§ How to complete this task
Which of the lines below hold "Casa"? Please return each one.

Short descriptive text snippets
*** Begin section ***
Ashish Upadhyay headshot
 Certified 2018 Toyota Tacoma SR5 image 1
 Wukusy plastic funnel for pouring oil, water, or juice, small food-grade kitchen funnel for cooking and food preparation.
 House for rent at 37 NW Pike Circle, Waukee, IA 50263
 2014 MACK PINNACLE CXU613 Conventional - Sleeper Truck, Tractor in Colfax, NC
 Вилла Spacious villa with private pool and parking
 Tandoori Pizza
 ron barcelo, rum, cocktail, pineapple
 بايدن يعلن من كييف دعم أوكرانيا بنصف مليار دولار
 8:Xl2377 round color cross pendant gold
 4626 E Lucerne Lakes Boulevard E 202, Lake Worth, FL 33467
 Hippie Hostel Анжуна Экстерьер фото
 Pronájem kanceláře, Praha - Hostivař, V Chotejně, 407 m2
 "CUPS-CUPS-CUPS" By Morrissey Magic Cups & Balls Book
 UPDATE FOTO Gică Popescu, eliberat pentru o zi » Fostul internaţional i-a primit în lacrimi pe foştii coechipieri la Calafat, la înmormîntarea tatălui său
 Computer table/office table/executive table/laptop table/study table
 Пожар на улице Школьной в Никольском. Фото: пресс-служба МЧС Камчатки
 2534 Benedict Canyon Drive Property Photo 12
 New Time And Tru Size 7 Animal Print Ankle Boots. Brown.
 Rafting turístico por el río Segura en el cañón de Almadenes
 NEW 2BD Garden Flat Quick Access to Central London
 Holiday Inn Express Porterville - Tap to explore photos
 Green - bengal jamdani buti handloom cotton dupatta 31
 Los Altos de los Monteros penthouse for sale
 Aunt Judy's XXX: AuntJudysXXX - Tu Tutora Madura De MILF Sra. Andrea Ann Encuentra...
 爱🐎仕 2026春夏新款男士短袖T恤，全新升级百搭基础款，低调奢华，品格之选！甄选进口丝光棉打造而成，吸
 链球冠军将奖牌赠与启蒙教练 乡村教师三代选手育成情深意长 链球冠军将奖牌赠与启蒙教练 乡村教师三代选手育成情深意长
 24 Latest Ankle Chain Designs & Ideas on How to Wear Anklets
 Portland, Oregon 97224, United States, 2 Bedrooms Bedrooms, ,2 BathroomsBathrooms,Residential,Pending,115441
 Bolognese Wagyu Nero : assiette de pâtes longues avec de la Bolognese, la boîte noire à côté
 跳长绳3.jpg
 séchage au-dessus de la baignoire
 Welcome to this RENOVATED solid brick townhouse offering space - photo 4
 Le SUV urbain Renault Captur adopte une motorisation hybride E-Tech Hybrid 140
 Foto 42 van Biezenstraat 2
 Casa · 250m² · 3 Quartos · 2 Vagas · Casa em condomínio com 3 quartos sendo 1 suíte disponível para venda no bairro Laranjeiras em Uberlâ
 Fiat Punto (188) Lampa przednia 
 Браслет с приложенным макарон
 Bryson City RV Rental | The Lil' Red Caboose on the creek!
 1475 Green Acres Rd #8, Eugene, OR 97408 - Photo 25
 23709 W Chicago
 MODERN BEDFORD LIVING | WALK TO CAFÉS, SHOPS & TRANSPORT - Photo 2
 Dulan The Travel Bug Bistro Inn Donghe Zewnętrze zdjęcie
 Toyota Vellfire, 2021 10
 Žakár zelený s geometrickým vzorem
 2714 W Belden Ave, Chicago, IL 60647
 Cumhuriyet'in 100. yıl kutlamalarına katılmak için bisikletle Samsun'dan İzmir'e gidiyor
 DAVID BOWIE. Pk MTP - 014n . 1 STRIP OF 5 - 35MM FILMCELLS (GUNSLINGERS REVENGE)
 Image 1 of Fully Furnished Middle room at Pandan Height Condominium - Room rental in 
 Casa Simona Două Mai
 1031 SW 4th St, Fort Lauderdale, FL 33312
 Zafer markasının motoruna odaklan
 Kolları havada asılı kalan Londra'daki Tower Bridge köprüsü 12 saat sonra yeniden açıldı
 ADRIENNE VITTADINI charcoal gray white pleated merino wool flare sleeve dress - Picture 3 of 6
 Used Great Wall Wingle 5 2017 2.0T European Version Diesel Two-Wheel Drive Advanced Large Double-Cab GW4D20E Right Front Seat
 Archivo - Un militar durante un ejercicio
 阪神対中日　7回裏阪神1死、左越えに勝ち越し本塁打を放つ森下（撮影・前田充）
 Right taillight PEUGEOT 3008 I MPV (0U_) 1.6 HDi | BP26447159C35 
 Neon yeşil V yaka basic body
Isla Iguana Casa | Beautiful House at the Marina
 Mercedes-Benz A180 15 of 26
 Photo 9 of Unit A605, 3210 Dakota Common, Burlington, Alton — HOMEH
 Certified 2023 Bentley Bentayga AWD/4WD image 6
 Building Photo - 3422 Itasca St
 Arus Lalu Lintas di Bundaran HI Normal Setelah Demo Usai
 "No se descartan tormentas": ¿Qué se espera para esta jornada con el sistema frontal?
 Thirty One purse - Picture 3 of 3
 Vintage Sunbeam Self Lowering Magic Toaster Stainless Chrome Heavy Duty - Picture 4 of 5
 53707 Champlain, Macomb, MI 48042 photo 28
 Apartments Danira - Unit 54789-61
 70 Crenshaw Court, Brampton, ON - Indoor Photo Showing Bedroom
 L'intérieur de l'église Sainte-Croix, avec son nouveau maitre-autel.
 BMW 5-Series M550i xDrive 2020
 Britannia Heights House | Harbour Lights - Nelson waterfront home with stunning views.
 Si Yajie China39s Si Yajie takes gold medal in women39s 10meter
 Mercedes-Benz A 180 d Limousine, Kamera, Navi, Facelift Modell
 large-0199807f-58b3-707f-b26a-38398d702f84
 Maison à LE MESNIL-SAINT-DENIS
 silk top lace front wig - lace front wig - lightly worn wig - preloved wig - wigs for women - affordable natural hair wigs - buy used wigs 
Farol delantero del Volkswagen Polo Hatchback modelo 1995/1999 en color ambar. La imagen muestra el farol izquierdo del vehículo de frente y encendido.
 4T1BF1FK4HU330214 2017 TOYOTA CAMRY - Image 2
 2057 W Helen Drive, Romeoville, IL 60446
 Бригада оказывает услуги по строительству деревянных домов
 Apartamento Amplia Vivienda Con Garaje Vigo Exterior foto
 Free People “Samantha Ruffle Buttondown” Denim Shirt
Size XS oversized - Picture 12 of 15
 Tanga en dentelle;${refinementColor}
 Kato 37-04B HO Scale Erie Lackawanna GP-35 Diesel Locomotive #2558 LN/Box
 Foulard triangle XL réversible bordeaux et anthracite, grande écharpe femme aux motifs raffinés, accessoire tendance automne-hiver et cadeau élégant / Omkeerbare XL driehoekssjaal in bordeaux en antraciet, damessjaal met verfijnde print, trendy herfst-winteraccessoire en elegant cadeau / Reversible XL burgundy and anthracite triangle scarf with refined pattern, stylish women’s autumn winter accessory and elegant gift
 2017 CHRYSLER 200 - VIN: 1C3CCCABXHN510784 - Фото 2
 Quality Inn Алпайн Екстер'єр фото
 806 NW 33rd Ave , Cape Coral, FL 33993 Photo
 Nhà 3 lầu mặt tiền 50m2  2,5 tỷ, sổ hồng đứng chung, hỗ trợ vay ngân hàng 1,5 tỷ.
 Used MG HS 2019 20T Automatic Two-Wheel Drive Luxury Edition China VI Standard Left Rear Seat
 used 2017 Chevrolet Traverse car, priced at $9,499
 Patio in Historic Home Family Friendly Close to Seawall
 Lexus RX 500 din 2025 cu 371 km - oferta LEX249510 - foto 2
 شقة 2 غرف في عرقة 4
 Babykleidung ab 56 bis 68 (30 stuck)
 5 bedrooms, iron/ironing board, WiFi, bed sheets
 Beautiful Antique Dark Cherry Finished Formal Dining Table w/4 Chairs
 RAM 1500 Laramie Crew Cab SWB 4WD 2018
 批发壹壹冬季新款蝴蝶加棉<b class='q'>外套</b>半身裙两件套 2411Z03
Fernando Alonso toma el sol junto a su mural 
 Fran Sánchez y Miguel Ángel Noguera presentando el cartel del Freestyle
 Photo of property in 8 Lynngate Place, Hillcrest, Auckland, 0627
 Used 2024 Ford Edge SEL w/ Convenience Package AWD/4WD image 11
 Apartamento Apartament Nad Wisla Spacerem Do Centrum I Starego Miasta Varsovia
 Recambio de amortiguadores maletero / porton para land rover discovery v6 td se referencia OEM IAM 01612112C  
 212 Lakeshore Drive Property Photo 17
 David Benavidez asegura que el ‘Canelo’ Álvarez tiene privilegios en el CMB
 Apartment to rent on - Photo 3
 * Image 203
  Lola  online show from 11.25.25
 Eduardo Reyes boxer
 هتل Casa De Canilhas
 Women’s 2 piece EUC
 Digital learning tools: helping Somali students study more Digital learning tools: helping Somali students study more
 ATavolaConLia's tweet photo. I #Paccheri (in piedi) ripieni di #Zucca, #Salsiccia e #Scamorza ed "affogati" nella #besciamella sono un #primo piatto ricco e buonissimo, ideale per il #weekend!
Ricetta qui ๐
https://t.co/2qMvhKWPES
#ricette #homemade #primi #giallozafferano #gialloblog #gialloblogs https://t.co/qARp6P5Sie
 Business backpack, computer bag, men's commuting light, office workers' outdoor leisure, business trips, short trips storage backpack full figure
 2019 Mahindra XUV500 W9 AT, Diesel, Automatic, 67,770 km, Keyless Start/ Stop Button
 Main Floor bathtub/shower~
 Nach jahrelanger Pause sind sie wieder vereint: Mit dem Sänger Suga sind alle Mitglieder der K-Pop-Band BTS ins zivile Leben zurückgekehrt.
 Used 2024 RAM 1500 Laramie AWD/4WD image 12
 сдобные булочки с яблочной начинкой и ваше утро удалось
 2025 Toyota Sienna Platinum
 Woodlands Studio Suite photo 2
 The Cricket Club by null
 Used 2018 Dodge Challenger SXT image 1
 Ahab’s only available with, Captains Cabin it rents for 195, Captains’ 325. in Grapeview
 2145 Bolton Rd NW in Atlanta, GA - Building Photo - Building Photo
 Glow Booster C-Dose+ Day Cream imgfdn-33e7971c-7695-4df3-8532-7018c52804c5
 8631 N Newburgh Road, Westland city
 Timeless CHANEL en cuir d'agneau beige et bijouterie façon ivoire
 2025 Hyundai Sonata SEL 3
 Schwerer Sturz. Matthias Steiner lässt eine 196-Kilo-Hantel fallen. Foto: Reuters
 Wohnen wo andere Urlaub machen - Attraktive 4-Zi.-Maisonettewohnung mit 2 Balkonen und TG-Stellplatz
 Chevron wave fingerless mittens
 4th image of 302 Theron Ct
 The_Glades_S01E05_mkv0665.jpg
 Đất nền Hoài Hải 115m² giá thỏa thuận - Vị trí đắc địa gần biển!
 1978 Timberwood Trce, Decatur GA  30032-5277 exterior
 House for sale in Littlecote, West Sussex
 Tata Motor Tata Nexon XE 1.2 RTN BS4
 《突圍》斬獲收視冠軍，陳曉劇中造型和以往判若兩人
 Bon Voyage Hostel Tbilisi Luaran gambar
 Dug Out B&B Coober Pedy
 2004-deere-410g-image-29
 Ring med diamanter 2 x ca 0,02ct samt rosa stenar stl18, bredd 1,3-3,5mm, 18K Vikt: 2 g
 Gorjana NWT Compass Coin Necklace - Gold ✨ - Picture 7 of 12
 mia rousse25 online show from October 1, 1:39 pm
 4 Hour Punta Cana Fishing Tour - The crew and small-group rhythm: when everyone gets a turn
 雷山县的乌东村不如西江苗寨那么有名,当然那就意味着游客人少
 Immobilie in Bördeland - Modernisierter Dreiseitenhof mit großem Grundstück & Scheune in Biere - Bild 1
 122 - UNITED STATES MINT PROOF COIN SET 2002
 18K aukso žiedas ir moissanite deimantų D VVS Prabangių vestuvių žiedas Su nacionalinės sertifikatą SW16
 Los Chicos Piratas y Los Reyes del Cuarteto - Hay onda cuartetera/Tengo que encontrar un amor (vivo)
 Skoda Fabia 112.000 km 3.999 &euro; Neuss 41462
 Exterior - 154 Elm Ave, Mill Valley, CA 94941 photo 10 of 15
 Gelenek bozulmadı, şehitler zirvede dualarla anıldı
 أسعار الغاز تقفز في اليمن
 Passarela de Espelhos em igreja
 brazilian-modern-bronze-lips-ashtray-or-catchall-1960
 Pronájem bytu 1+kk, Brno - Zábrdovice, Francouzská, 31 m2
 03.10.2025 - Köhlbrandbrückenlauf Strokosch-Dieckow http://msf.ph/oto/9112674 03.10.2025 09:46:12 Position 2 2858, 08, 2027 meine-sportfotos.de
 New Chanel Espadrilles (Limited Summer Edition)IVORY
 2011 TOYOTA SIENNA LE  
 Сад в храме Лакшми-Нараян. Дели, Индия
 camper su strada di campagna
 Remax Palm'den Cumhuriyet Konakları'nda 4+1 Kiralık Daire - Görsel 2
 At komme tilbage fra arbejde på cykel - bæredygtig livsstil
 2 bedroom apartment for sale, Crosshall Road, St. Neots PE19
*** End section ***
§ Answer box
 Casa · 250m² · 3 Quartos · 2 Vagas · Casa em condomínio com 3 quartos sendo 1 suíte disponível para venda no bairro Laranjeiras em Uberlâ
 Casa Simona Două Mai
Isla Iguana Casa | Beautiful House at the Marina
 هتل Casa De Canilhas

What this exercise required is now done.